You would expect to see them face down in a bag of rubbish or even screeching at each other at some ungodly hour on a Brighton street corner.

But seagulls sporting glasses and a thick moustache just like famous funnyman Groucho Marx are a far more unusual sight.

Yet this is the very spectacle which has been springing up all over Brighton, with scores of seagulls perched on telephone kiosks and advertising billboards dressed in ridiculous facial garb.

However, these birds are not on a disturbing mission to mimic their human neighbours.

They are in fact the latest Paramount prank to mark the return of the Brighton Comedy Festival on Friday.

Rebecca Austin, festival producer, said: "Seagulls are synonymous with Brighton and everyone loves them until they start waking you up at 7am in the morning.

"The glasses, nose and moustache are an instant comedy reference and this is a way of us mocking the seagulls the way they mock us."

The plastic models have been left at strategic points across the city and it's not the first time organisers have tried to crack a smile in Brighton with the arrival of the comedy festival.

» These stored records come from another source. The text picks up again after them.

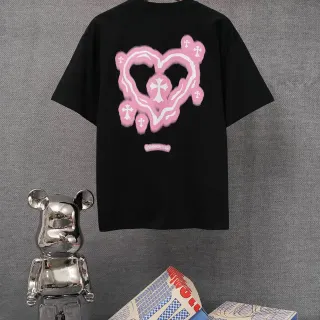 Supreme Graphic Print Pink Heart T-Shirt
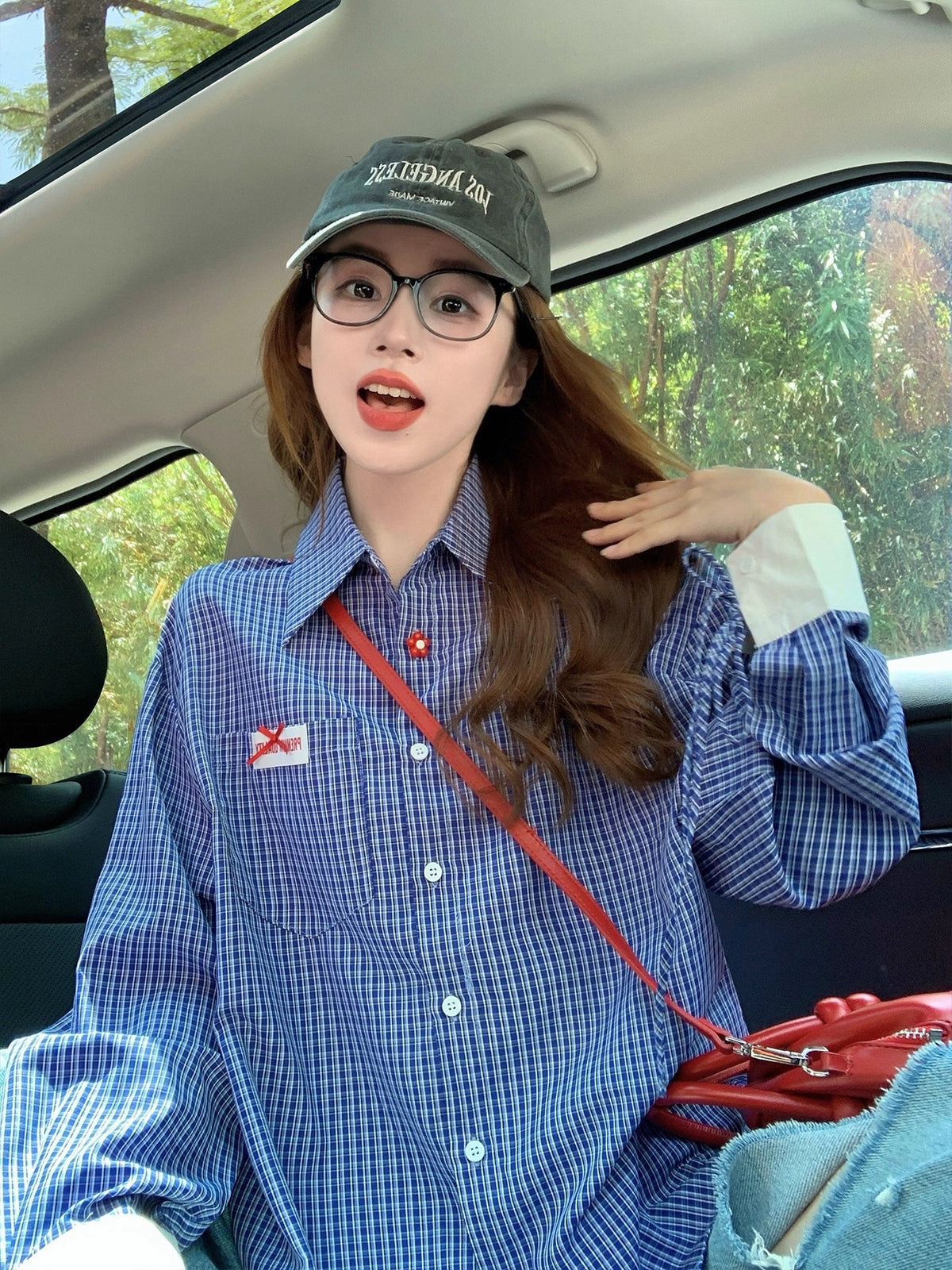 College Style Striped Long-Sleeved Blue Shirt for Girls Spring & Fall New High-End Lazy Loose Shirt Chic Top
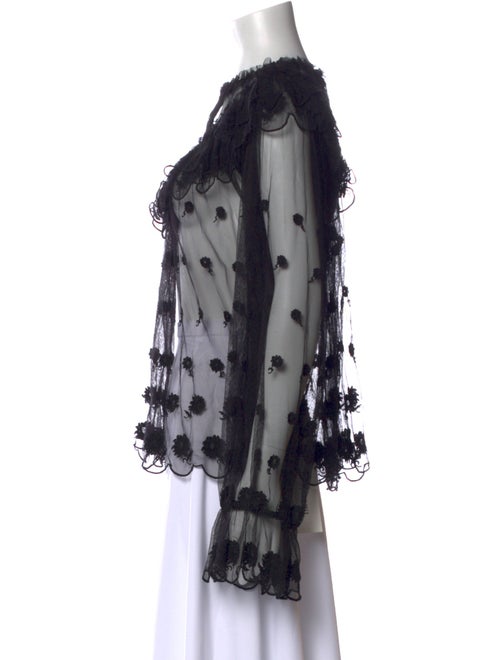 Ulla Johnson Nylon Lace Pattern Blouse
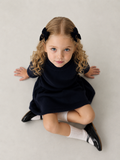 Velvet Gold Embroidered Mini Bow Clip Set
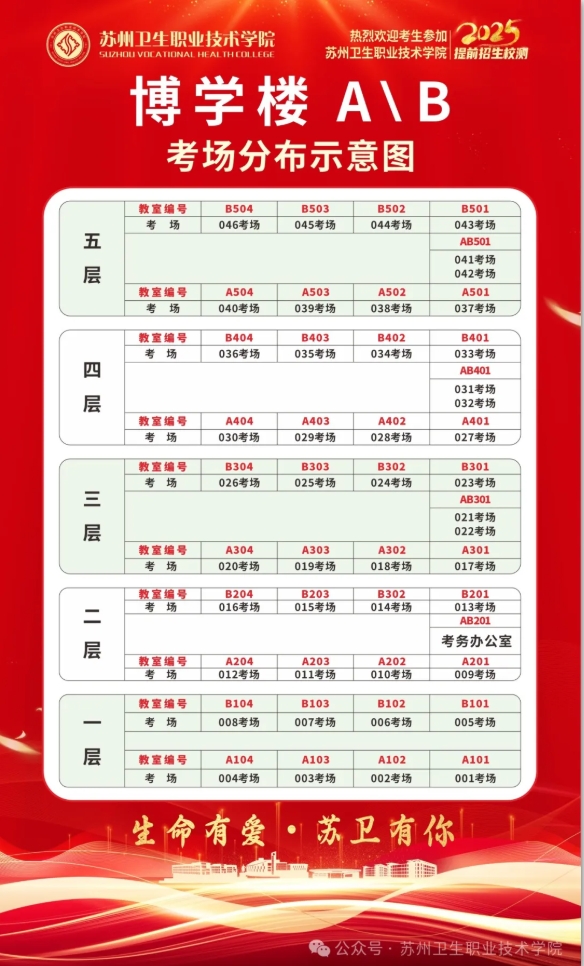 蘇州衛(wèi)生職業(yè)技術(shù)學(xué)院2025年提前招生校測考試準考證打印及考場安排2.png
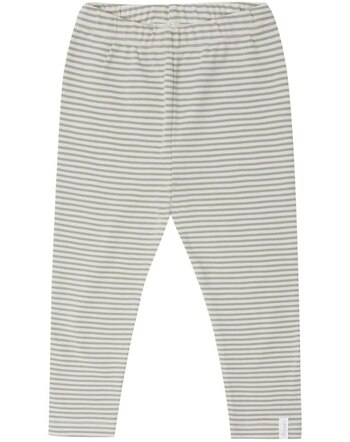 Leevje Leggings aus Bio-Baumwolle - Green Stripes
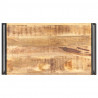 Stolik kawowy, 100x55x45 cm, surowe drewno mango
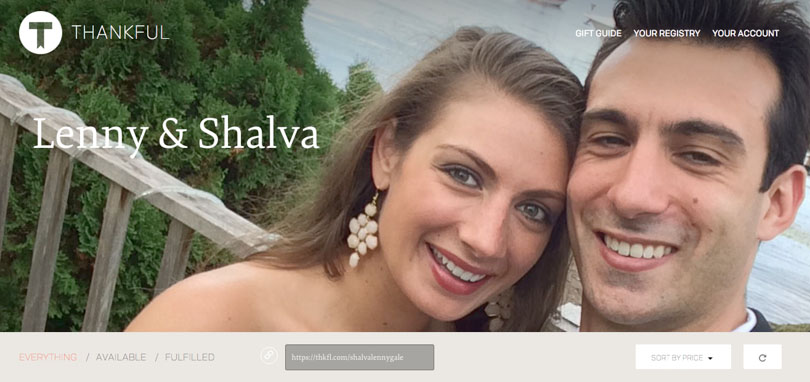 lenny shalva wedding registry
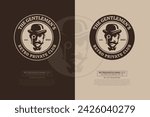 The Gentlemen Vector Logo Template. Design elements for logo, emblem, sign, brand mark.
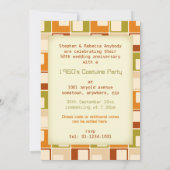 Retro Sixties Squares Patroon Gepersonaliseerd Kaart (Achterkant)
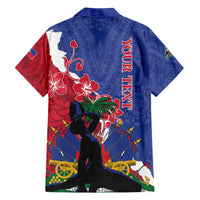 Personalised Haiti Le Marron Inconnu Hawaiian Shirt Dashiki Mix Polynesian Pattern LT01 - Polynesian Pride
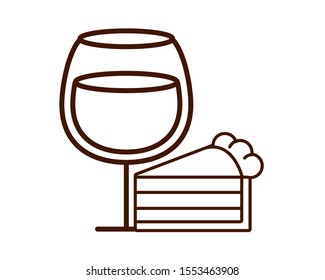 wine cup drink isolated icon vector illustration design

Residents living near the West Pier were horrified to discovered it had turned blue overnight in October 2002.

But worried callers to the council were soon reassured the garish makeover was the work of Paramount staff who wanted to make a temporary impression on the Grade I-listed building.

It wasn't as much of a surprise when organisers did the same thing to the Palace Pier last year.

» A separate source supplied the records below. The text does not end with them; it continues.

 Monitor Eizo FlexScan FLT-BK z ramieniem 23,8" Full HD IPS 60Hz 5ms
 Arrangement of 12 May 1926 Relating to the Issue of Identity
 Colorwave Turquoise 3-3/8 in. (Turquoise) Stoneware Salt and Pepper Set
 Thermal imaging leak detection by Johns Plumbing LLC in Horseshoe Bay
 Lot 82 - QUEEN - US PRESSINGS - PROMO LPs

In 2003, visitors to The Dome theatre for the festival's opening night were told to bring a whoopee cushion with them as part of the performance.

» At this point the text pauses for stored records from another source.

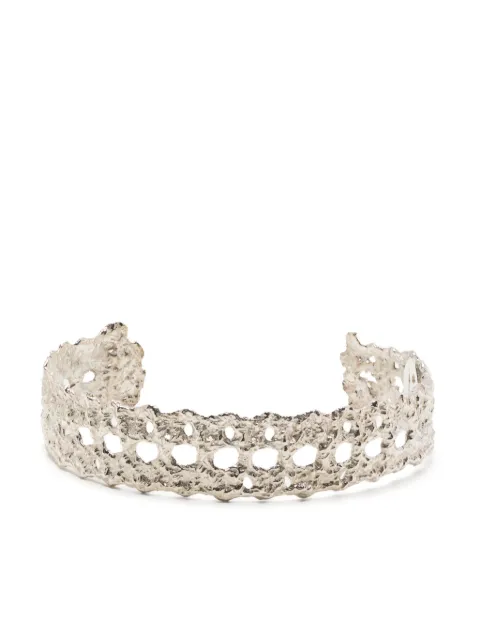 OUR LEGACY pulsera con encaje abstracto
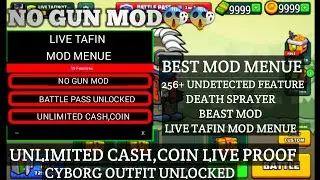 Mini militia latest version 5.3.4 mod menue|No gun mod|mini militia mod menue|256+ features|mod hack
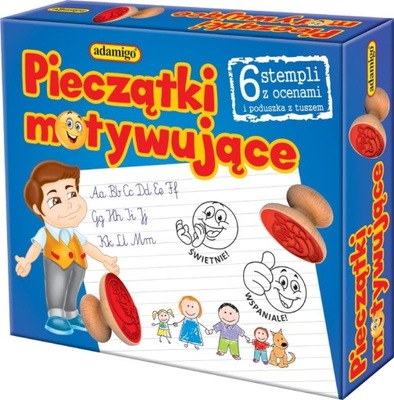 Pieczątki Motywujące stempelki Adamigo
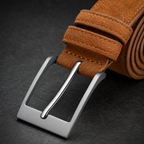 Livio suede belt buckle detail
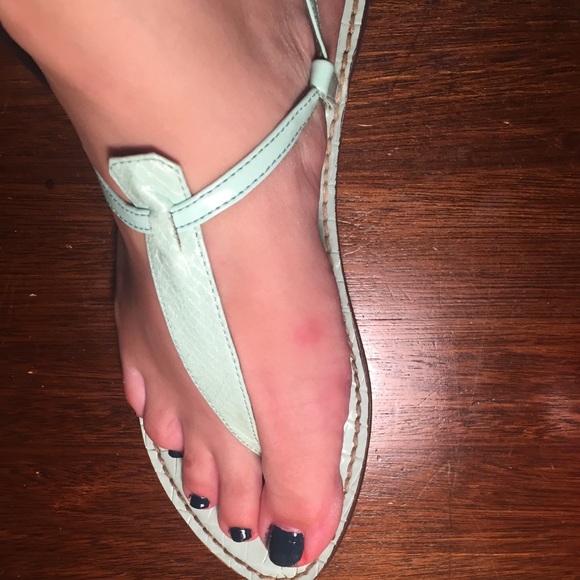 Mint San Edelman sandals! - Picture 4 of 4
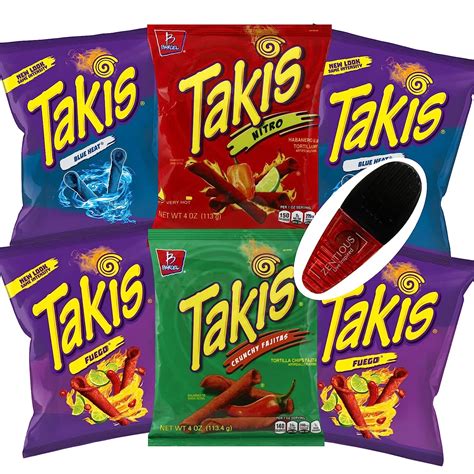 Takis Variety Pack - 6 Flavors In 4oz Bags with Sri Lanka | Ubuy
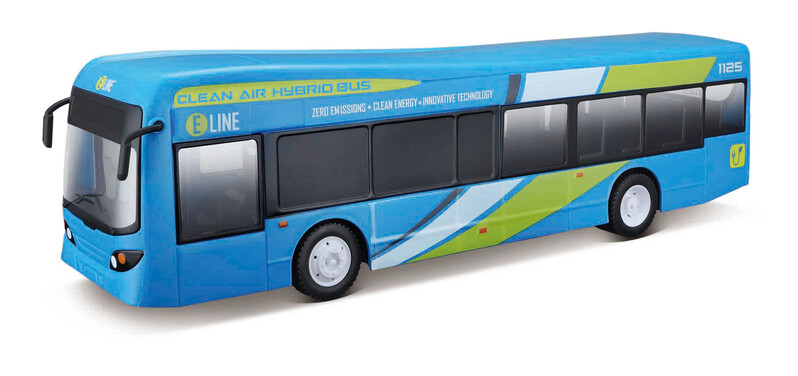 MAISTO - Maisto RC - Autobus - City Bus (2.4GHz), modrá
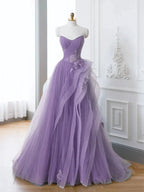 Saflor | Green A-Line Off Shoulder Long Prom Dress Lace Long Evening Dress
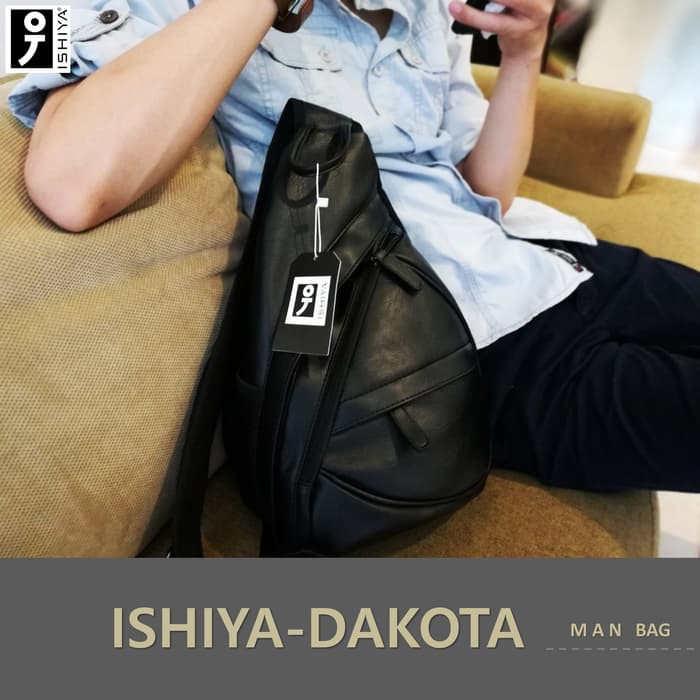 Tas Selempang Pria Impor Kulit Korea Style. -Tas Ishiya DAKOTA-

Organisers then set about breaking a Guinness World Record by getting more than 1,600 people to simultaneously make whoopee.

With tickets sales for this year's event outstripping all of last year's shows, organisers are already putting together plans for next year's festival, which might include a film element.

Miss Austin said: "Most people who work on the shows are from Brighton and know the city has a good sense of humour which is why they embrace the festival."